Loretta looked out at the rolling desert dunes to either side of the road, "I am not going out there without being able to see the road I am supposed to be following." She told him.

"I'm speaking figuratively," Akil sighed. "I mean the less we mingle with people the less chance someone will realise that you are not from here and less chance I will be found out,"

"What do you mean, found out?"

"It doesn't matter," Akil adjusted the pack on his shoulder. "We are going this way, on foot." He said it with a clear tone of finality, as he nodded his head north. The road was barely scratched into the sand and only obvious by the hoof prints and the dust clouds in the distance. Even the camels were pulling away from them now.

Loretta growled at him, purely because there was nothing else she could do.

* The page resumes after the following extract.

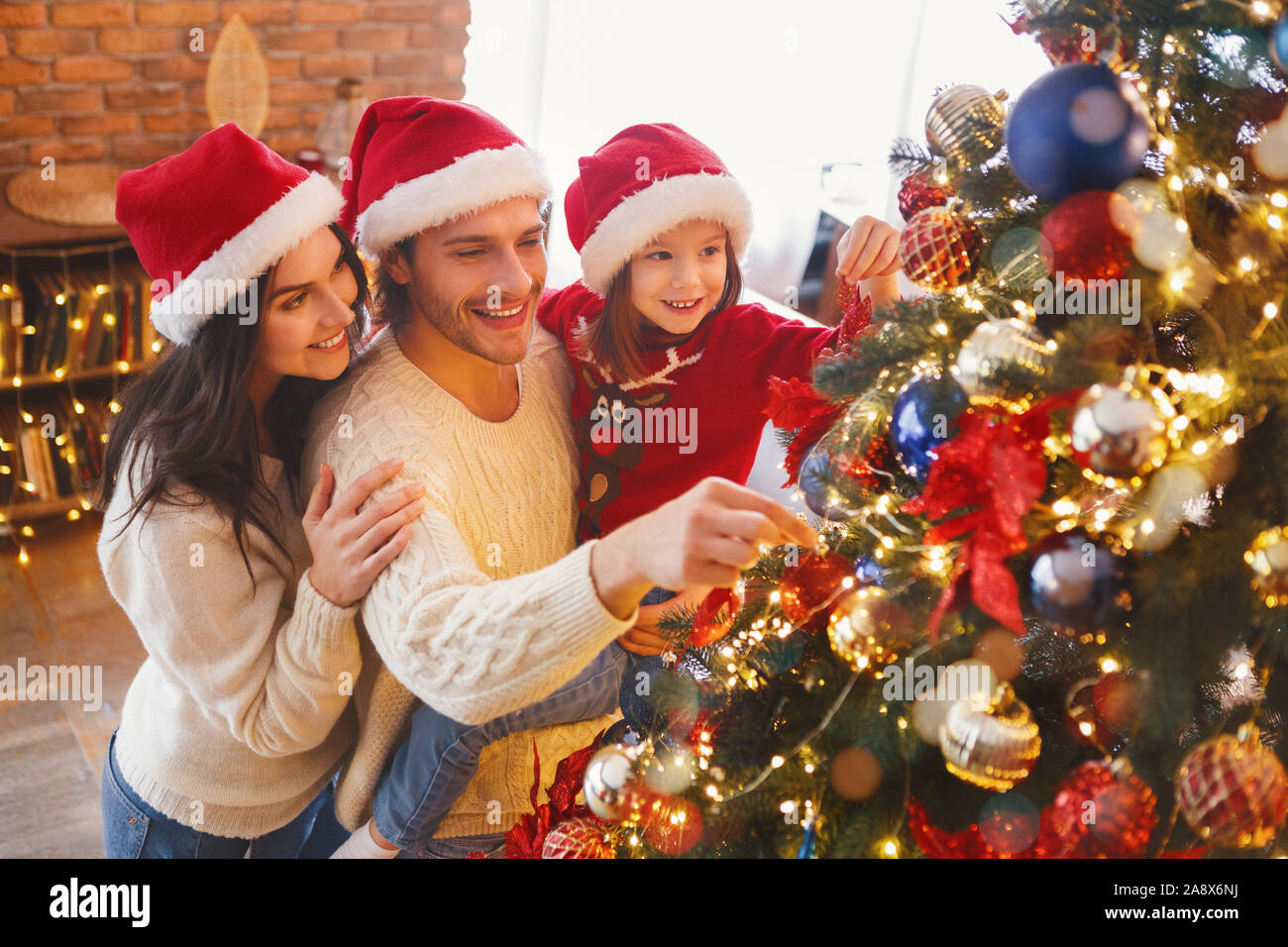 Happy family decorating Christmas tree with bubbles in living room Stock Photo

Akil's pace meant that by the end of the first day the others who were making the journey on foot, a few men with heavy packs, several hauling laden donkeys behind them and a family of six, four children piled up on a cart with their mother and father on foot, were left far behind. Sometimes Loretta could keep up with him, and sometimes she could not. When the light went out Akil finally found a place in the curve of a dune, sheltered from the wind, for them to stop and camp for the night.

Loretta set down her pack and began to roll out her miserably small blanket a good distance away from the genie, until he told her that there would be jackals hunting in the night.

Begrudgingly, she set down a few yards away from him and went straight to sleep, making sure she slept on her side facing away from him.